Sure enough, here is a Scoville scale of sorts on both a raw jalapeño and a raw Fresno chile: of the three parts of the pepper—the flesh, skin-on but deveined; the wee seeds alone; and the stripped-out veins alone — the flesh is least hot (if one can say that of either a jalapeño or a Fresno), the seeds next up and the fieriest, the veins.
Now, that hurt.
Vietnamese Carrot and Daikon Pickle
Enough to fill a 1-quart jar. Use as a garnish on sandwich insides or atop salads.
1 large or 2 medium carrots, peeled
1 med daikon radish, peeled
1/3 cup white cane sugar
2 teaspoons kosher or fine sea salt
1 cup warm water
1/2 cup rice wine vinegar (or 4 tablespoons distilled white vinegar)

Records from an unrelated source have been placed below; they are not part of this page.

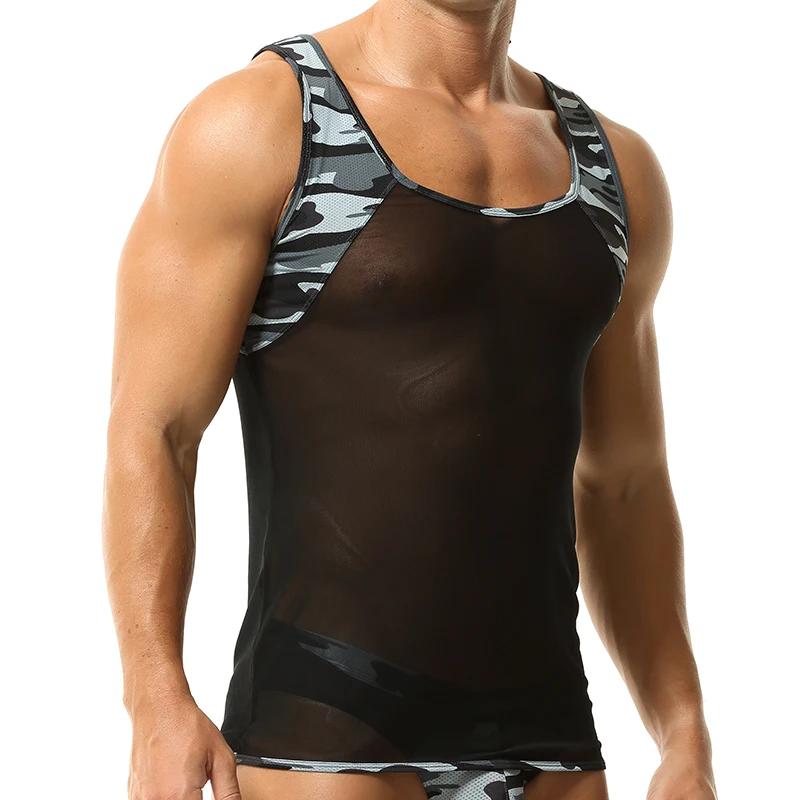 Débardeur pour homme, imprimé camouflage, en maille élastique respirante, pour le fitness et les loi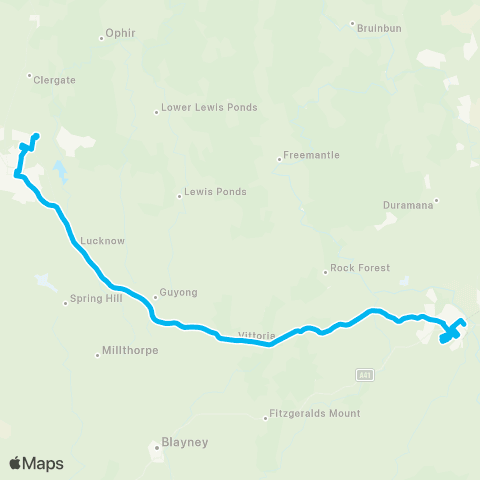 Other TfNSW routes Bathurst to Orange (Express Service) map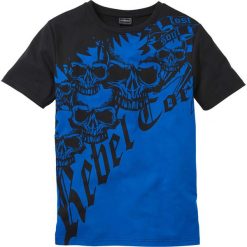 T-shirt Slim Fit bonprix lazurowo-czarny. Niebieskie koszulki męskie bonprix, s, z nadrukiem, bez kołnierzyka, bez rękawów. Za 34,99 zł.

Cut the carrots and daikon into about 2 cups each 1/8-inch by 3-inch julienned sticks or “batons,” 4 cups total. (Use a mandolin such as the Beriner brand or slice thinly into strips, stack the strips and cut into sticks.)
Toss the vegetables with the sugar and salt in a large bowl, massaging both into the vegetables, until their moisture dissolves the salt and sugar, about 3-5 minutes. Add the water and vinegar, mix well and pack everything into a 1-quart jar.
Seal the jar and refrigerate at least overnight or up to 2 weeks. The flavor becomes stronger the longer the jar sits. (The proportions of sweet and tart in the recipe are adjustable to your own taste.)
Agrodolce of Peaches and Fresno Chiles
From Mark Antonation, Communication Manager for the Colorado Restaurant Association and Foundation, who writes that this agrodolce is “sweet, tangy and spicy—great with bold cheeses and cured meats on a charcuterie board, or with pork chops. Would probably be great on a pulled pork sandwich. The agrodolce will keep in your fridge for at least a month.” Makes 4 cups.
2 pounds very ripe peaches
6 Fresno chiles
1 cup sugar
1 cup apple cider vinegar
1-2 teaspoons fruit pectin powder (such as Sure-Jell brand)
Pinch of salt
Peel peaches (blanch in boiling water for 30 seconds, then cover in cold water so that the skins just slip off) and dice into small pieces. Remove stems and seeds from chiles and slice into thin rings.
Add vinegar, sugar and pectin to a small pot and bring to a simmer. Add peaches and chiles and simmer over medium-low heat for 30 minutes, stirring occasionally. Make sure the mixture doesn’t come to a rolling boil or the sugar could burn on the bottom of the pot.
Remove from heat and let cool for a few minutes before spooning the agrodolce into 16-ounce jars. Put lids on the jars and put in your refrigerator. Let it sit overnight or for a day or two before serving.